For the second year in a row, in 2014 the Great Bay Stewards generously supported a research intern to work on the Great Bay National Estuarine Research Reserve’s long-term salt marsh bio-monitoring program. Brendan Newell, this year’s intern, graduated from Rutgers University with a B.S. in marine sciences. He is currently a M.S. candidate in the TIDES (Training for the Integration of Decisions with Ecosystem Science) program at University of New Hampshire. Brendan has previously worked in salt marshes in New Jersey and Louisiana and has enjoyed the opportunity to get to know some New Hampshire marshes too.
This summer Brendan worked with the Reserve’s Research Coordinator, Paul Stacey, and a team of volunteers to collect vegetation and salinity data in marshes around Great Bay. This work, building on data collect since 2010, is tracking changes in Great Bay salt marshes over time. These long term data are important because scientists expect that the region’s salt marshes will be threatened by climate change and sea level rise in the not-so-distant future. For more information on this project, see below on the work from last year’s intern, Mike Ressler.
In addition to the salt marsh bio-monitoring work, the support of the Stewards, in combination with support from other funding sources including New Hampshire Fish and Game Department, has allowed Brendan to assist with other bio-monitoring project and work with communities to enable them to improve their natural resource decision-making capacity. Specifically, he is working with Reserve staff to help plan a conference focused on shoreline management in New Hampshire and help communities use the Sea Level Affecting Marshes Model. He is also assisting with the development of Picking Our Battles, an invasive species management strategy for New Hampshire. Brendan hopes that this work will contribute to the protection on the beautiful Great Bay estuary and all the uses that it offers area residents!
With the generous support of the Great Bay Stewards to complement NH Fish & Game funding, the Great Bay National Estuarine Research Reserve hired University of New Hampshire graduate Mike Ressler as the 2013 summer research intern. Mike worked on vegetation, water quality and SET (surface elevation tables) surveys. These surveys are charting changes in saltmarsh structure related to climate change, particularly sea level rise effects. As sea level rises, there are concerns that saltmarsh elevations will not be able to keep pace and the marshes will “drown” as exhibited by changes in vegetation, convert to other habitat such as mud tidal flats, or retreat into higher upland habitats if not blocked by human structures.
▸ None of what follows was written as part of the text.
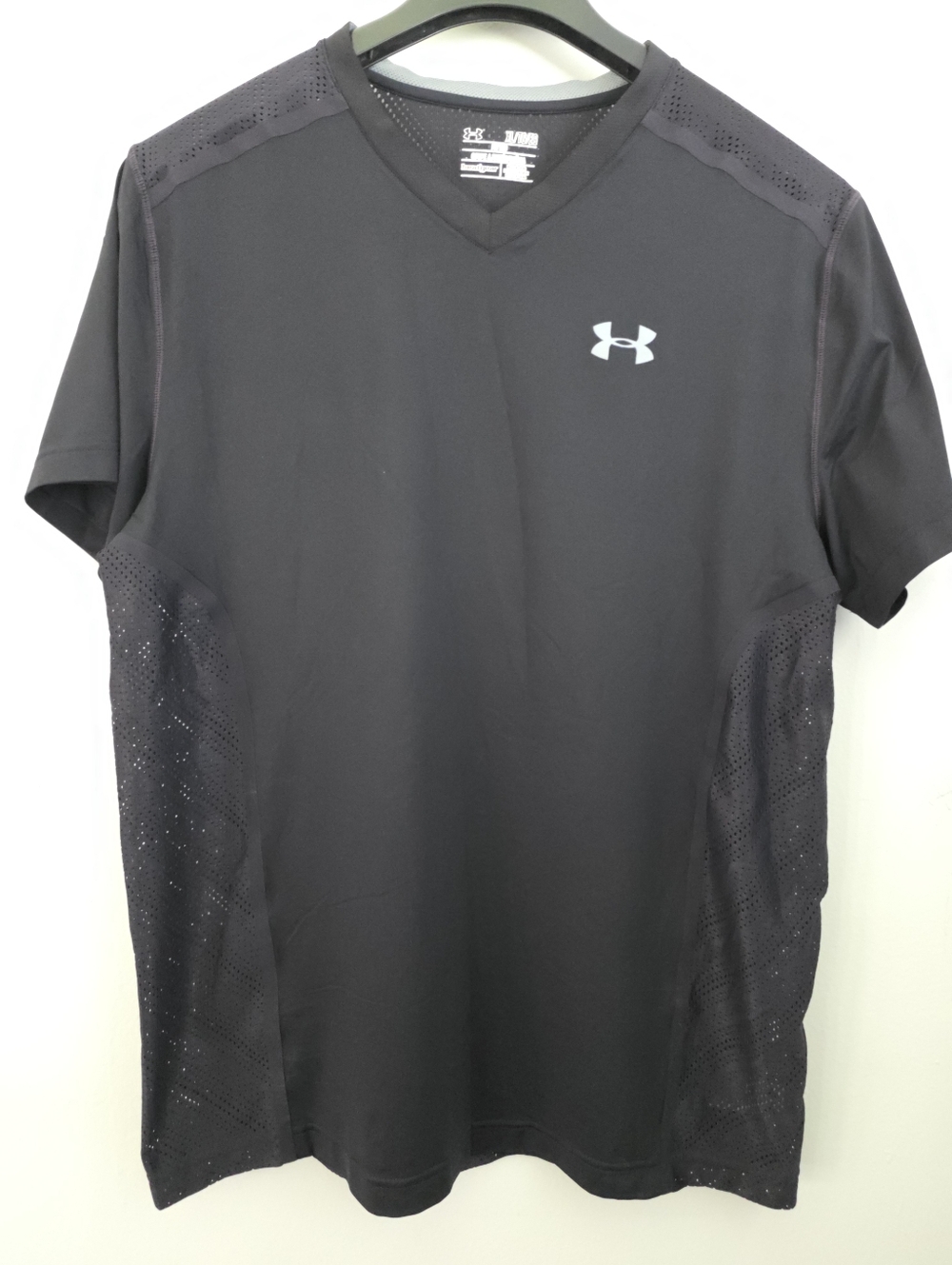 Vintage NWOT Under Armour Men’s Black V-Neck Vent Shirt XL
This internship supports these important and integral vegetation and water quality studies whose data over time could provide a detailed record of the condition and health of our salt-marshes, and help identify remedial actions to preserve the health of Great Bay. “It was a great opportunity in which I could expand my knowledge of saltmarsh ecosystems, and help promote an awareness of climate change and it’s affects on the Great Bay Estuary,” said Ressler.
In 2009 three Masters' Candidates received $1,000 each. Projects included mapping rare plants in the Great Bay and determining whether eelgrass beds can reduce the negative impact of seawater acidification on mussels, oysters and snails.